The stories about Perseus Jackson never ebbed away, instead the embers grew into flames around the campfire from the moment he stepped inside the border. Returning the lightning bolt, or the golden fleece or holding the sky to free Artemis all of them built the foundation of the Legend that would become Percy Jackson.
By the time the battle of the labyrinth rolled around, there was no camper that didn’t respect Percy Jackson as one of the unofficial leaders of Camp Half-blood. His experience and his inescapable connection to the great prophecy (no matter that none of the campers save Annabeth knew what it said) shaped the power, authority and the role Percy had at camp.
The secret to legacy lies in the stories people tell about you. They shape who you are and wherever Percy went, he made an impression. Not just anyone can beat the God of War in a mele at twelve years old (first fight to first blood or not) but already the myth and the whispers surrounding the son of Poseidon bolstered the lack of experience and shaped the outcome in Percy’s favour. He walked out from that duel victorious but changed.

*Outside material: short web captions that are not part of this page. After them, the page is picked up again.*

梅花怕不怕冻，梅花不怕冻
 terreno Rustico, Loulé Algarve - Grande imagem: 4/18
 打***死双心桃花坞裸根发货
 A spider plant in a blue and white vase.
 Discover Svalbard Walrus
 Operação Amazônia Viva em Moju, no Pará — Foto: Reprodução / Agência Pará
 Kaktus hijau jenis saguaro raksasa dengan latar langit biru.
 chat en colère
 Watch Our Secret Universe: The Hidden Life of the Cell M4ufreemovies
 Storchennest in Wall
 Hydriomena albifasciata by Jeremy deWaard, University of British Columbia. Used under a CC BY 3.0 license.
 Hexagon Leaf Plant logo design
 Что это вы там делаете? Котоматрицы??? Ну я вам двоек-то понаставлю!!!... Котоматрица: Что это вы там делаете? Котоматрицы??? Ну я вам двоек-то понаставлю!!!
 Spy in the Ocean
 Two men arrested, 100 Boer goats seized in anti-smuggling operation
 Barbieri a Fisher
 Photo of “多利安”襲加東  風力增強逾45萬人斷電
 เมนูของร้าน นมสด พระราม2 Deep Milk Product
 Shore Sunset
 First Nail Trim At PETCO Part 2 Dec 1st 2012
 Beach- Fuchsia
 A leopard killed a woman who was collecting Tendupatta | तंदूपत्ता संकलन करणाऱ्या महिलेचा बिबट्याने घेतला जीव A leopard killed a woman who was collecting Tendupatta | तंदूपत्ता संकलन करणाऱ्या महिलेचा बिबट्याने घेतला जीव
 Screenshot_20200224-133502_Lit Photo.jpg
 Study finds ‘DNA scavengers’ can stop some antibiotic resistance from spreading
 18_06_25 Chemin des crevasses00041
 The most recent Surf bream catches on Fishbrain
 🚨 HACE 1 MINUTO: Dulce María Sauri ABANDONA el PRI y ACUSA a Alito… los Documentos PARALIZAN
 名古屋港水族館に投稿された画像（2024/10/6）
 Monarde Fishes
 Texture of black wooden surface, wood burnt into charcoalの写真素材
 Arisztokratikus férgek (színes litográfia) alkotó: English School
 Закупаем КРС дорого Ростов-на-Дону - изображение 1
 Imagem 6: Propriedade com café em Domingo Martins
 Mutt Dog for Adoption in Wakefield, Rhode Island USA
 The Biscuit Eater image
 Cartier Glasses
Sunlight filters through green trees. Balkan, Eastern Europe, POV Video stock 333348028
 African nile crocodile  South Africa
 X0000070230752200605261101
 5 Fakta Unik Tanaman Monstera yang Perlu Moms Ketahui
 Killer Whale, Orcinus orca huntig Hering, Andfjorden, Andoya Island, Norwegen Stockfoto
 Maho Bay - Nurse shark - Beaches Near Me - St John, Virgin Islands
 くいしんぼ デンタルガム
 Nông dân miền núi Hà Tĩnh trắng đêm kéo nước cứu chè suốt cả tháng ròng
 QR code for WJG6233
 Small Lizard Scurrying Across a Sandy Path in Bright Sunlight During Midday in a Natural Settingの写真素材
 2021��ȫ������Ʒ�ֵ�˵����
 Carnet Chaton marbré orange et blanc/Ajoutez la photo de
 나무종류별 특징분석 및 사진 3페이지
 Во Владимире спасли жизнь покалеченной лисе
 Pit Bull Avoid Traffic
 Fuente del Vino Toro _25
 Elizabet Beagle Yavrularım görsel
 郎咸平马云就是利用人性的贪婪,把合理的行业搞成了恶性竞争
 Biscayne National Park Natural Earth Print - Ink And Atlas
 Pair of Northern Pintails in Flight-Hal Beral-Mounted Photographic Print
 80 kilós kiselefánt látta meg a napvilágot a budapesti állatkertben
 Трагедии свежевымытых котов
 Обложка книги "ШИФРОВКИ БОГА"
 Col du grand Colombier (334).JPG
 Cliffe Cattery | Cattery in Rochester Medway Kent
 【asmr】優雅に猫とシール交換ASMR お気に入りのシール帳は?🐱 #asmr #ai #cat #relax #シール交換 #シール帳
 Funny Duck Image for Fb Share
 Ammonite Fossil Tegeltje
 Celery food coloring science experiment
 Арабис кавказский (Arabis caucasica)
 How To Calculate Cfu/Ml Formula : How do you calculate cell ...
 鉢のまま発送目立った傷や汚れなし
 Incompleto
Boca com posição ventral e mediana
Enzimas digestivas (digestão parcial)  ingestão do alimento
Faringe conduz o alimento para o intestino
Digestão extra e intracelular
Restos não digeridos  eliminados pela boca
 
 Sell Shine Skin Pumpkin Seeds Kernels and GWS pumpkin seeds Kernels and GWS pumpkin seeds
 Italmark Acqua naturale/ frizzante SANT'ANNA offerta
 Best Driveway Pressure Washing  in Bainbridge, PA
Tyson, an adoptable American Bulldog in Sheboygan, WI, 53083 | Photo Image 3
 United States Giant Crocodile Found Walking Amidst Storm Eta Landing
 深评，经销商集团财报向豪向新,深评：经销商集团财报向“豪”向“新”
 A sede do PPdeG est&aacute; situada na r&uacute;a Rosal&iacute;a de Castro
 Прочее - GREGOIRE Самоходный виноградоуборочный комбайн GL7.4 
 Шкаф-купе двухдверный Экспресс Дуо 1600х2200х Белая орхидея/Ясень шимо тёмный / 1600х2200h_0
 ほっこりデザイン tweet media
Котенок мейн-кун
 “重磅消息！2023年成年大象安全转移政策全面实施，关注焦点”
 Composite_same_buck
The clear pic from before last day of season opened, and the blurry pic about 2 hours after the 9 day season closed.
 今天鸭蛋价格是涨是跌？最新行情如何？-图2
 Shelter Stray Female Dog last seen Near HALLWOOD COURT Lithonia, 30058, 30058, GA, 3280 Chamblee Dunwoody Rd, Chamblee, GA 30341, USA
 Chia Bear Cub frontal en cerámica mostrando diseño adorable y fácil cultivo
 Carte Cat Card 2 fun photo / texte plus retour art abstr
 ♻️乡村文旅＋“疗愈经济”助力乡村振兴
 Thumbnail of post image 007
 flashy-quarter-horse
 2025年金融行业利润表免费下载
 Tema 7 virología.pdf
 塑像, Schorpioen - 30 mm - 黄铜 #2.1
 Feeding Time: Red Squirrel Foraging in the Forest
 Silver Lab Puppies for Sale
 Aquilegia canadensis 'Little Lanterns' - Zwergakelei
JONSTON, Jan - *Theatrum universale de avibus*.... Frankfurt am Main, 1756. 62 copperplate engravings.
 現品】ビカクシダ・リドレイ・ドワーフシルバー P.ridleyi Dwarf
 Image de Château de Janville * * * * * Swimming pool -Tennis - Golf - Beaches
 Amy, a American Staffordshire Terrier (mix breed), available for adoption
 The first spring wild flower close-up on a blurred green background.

To best a god in their own domain invites chaos, and for Percy that meant an inevitable web of strings tying him to war. His fate was sealed and it would not be a peaceful one.
Gossip from the campers was one thing, but Percy’s infamy reached to the heavens and into the minds of the Gods themselves. Everywhere Percy went he drew strong reactions from every deity he ever met. Hades and Artemis respected him against their own nature. Zeus despised how strong the child of the sea was. Ares disliked him but couldn’t help but respect him in battle. Athena disapproved of him.
And Dionysus.
He saw the way Perseus was shackled by fate the moment he laid eyes on him and knew his fate would be a tragic one, maybe even for eternity. He never spoke his name. Except for once. Because even he couldn’t help but acknowledge that only Percy Jackson would have the power, the authority and the heart to keep his remaining son away from battle.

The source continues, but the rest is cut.